With continued reference to FIG. 2, a flow 200 of one embodiment of a method of generating a text classification model according to the present application is shown. The method comprises the following steps:
step 201, a sample text set is obtained.
In this embodiment, the execution subject of the data normalization method (e.g., the terminal device or the server shown in fig. 1) may obtain the sample text set locally or remotely. Wherein the sample texts in the sample text set correspond to pre-labeled sample category information. The sample class information is used to characterize the class of the sample text. As an example, the sample category information may be represented by a vector, e.g., (1, 0, 0, 0, 0 …) for characterizing the sample text as belonging to the first class and (0, 1, 0, 0, 0 …) for characterizing the sample text as belonging to the second class.
Step 202, performing data cleaning on the sample texts in the sample text set to obtain a cleaned text set.

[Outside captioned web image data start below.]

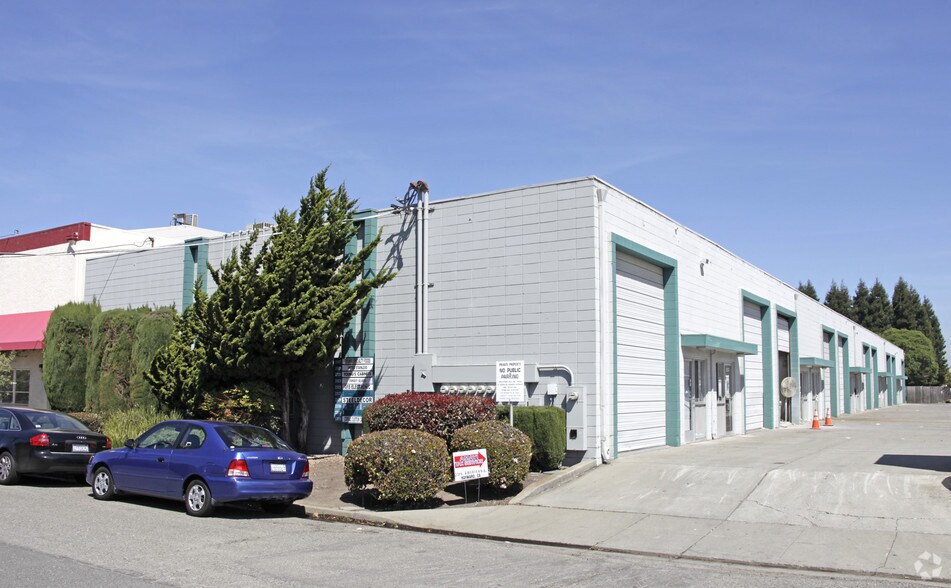 2317-2335 American Ave, Hayward, CA à louer - Photo principale – Image 1 sur 8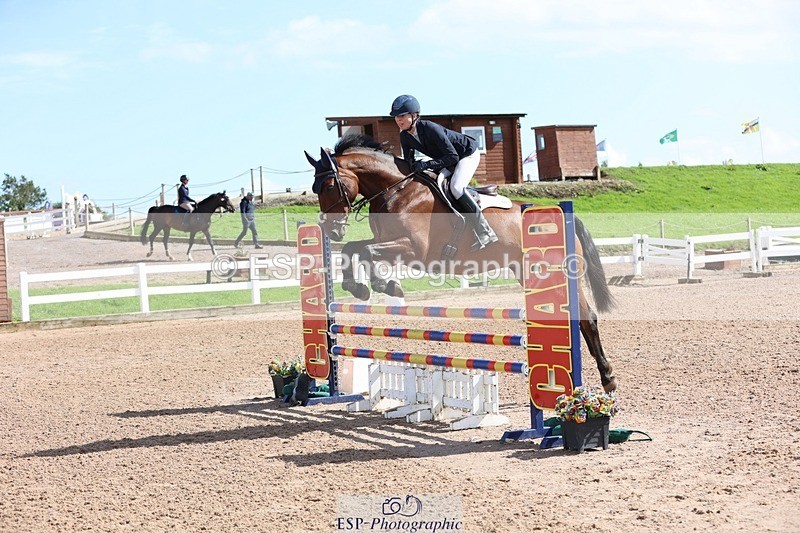 250913-142612-07366 - Cls 25 1.05m Amateur Quali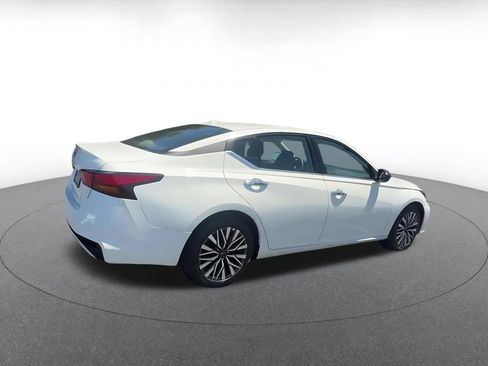 Used 2025 Nissan Altima 2.5 SV FWD image 14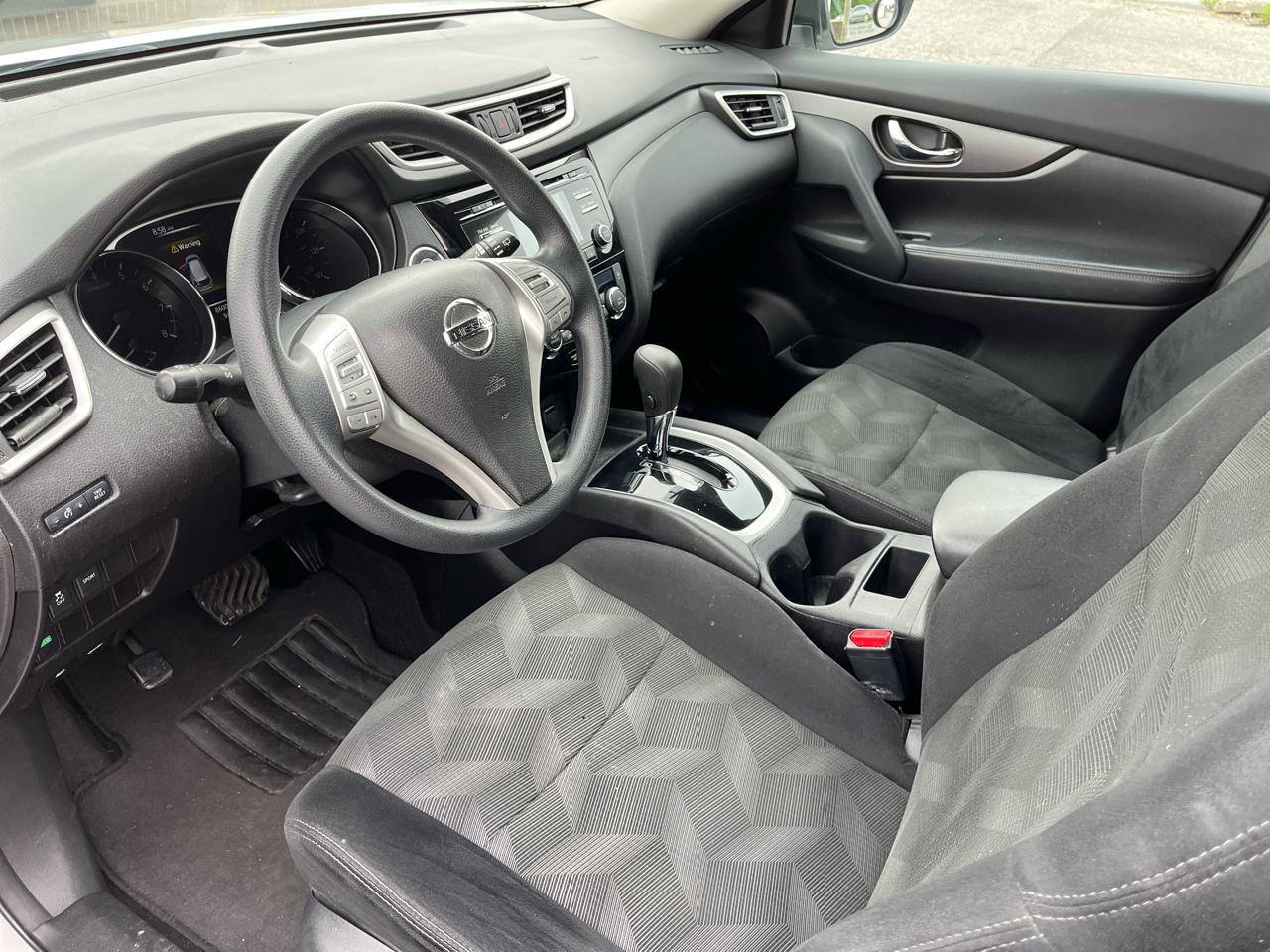 Nissan Rogue FWD 4dr SV 2015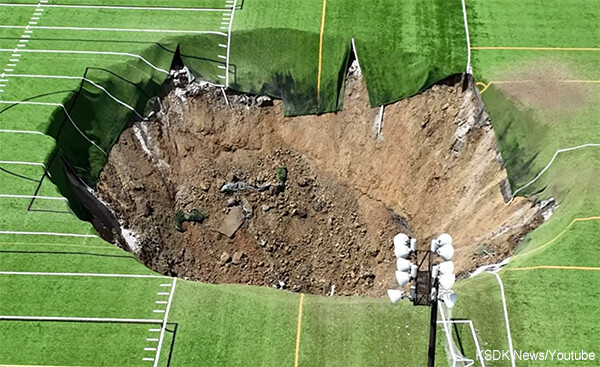 これは怖い！サッカー場に突如巨大な陥没穴が出現、電灯や芝飲み込まれていく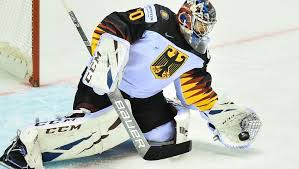 Mathias niederberger von den eisbären berlin kehrt für das entscheidende vorrundenspiel um den einzug ins wm. Eishockey Eishockey Wm Deb Team Mit Nhl Torwart Grubauer Gegen Finnland Ran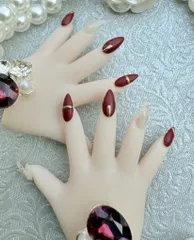 匿名発送ドール用ネイルチップ　ボルドー×ゴールドラメ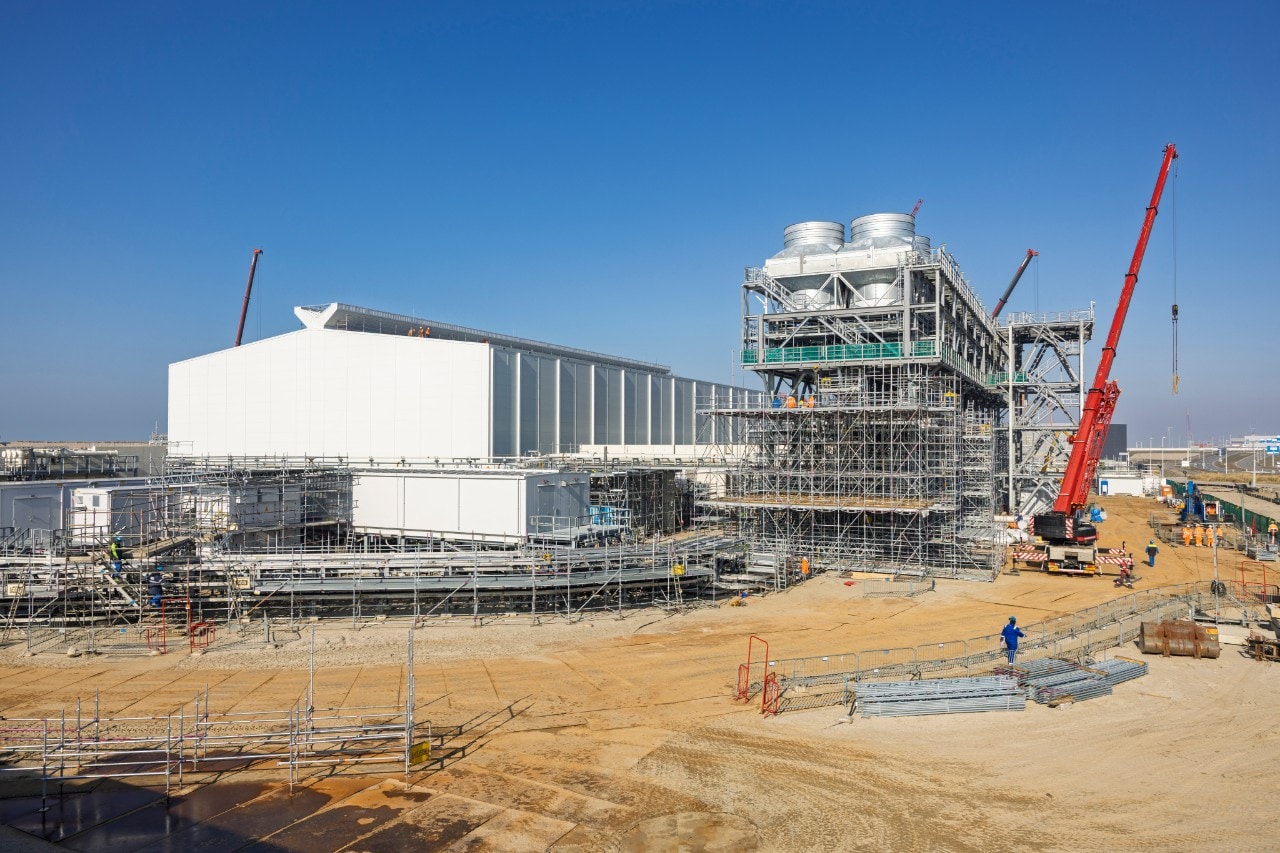 Waterstof. De Holland Hydrogen 1 op de Tweede Maasvlakte in aanbouw. Creditvermelding "Shell/Eric van Vuuren" verplicht bij publicatie. Beeld mag alleen voor redactionele doeleinden worden gebruikt.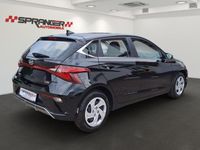 Gebraucht Hyundai i20 101 PS (74 kW) 2024 Schwarz Limousine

In this embodiment, the execution subject may perform data cleaning on the sample text in the sample text set, so as to obtain a cleaned text set. The data washing is used for extracting the most critical information from the sample text, and the information can represent the category of the sample text.
The execution body may perform data cleaning in various ways, for example, removing various symbols in the sample text.
In some optional implementations of this embodiment, step 202 may be performed as follows:
for each sample text in the sample text set, performing the following steps:
step one, performing word segmentation on the sample text to obtain a word sequence corresponding to the sample text.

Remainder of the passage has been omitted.